## What you need to do
Transcribe the lines below verbatim, skipping the images.

## Data

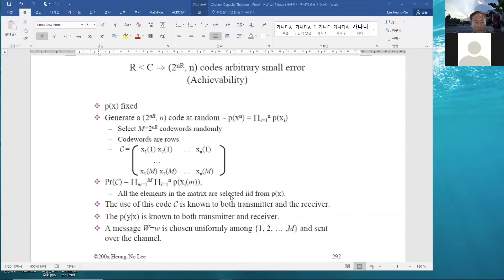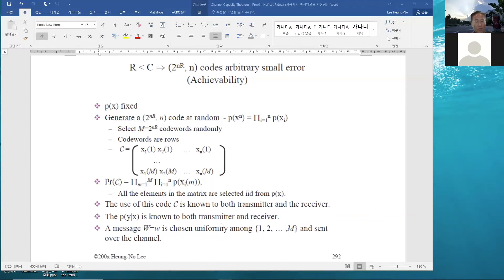So C is a random matrix of size 2^(nR) by n. In the proof we will use a random codebook — it remains a random variable — and that will simplify the calculation of probability of error. All elements in the matrix are selected IID from p(x). The codebook C is known to both transmitter and receiver. At the transmitter, a message index is selected, the corresponding codeword is sent over the channel, Y^n is received, and a decision is made on the transmitted index.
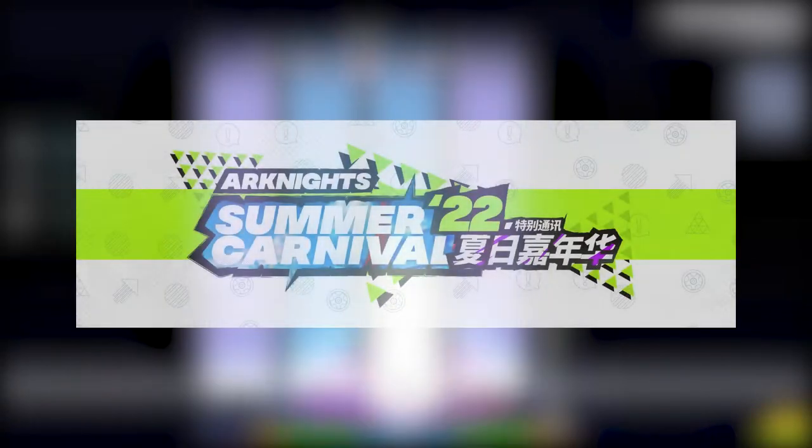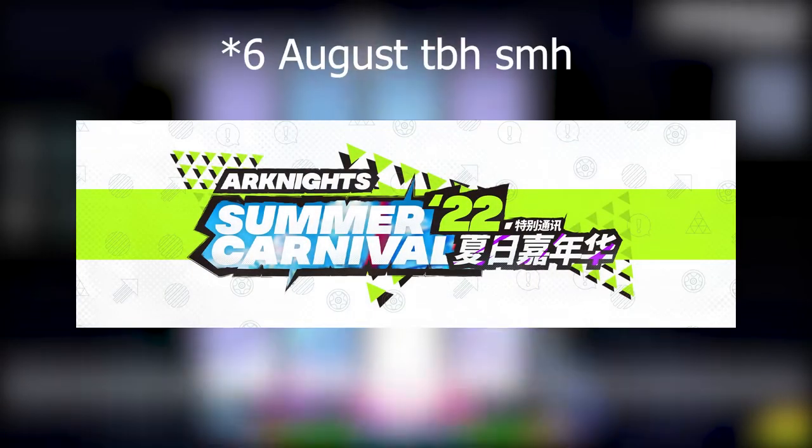Hey what's up guys, Rev here. Apparently, there's some leak about the next summer event for Arknights that's supposed to be announced on 8th August.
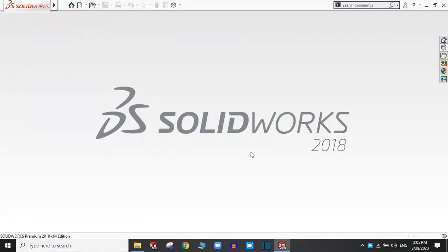Hello and welcome to the SolidWorks tutorial. Today we are going to learn the basics of SolidWorks 2018.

## Solution to this problem
So C is a random matrix of size 2^(nR) by n. In the proof we will use a random codebook — it remains a random variable — and that will simplify the calculation of probability of error. All elements in the matrix are selected IID from p(x). The codebook C is known to both transmitter and receiver. At the transmitter, a message index is selected, the corresponding codeword is sent over the channel, Y^n is received, and a decision is made on the transmitted index.
Hey what's up guys, Rev here. Apparently, there's some leak about the next summer event for Arknights that's supposed to be announced on 8th August.
Hello and welcome to the SolidWorks tutorial. Today we are going to learn the basics of SolidWorks 2018.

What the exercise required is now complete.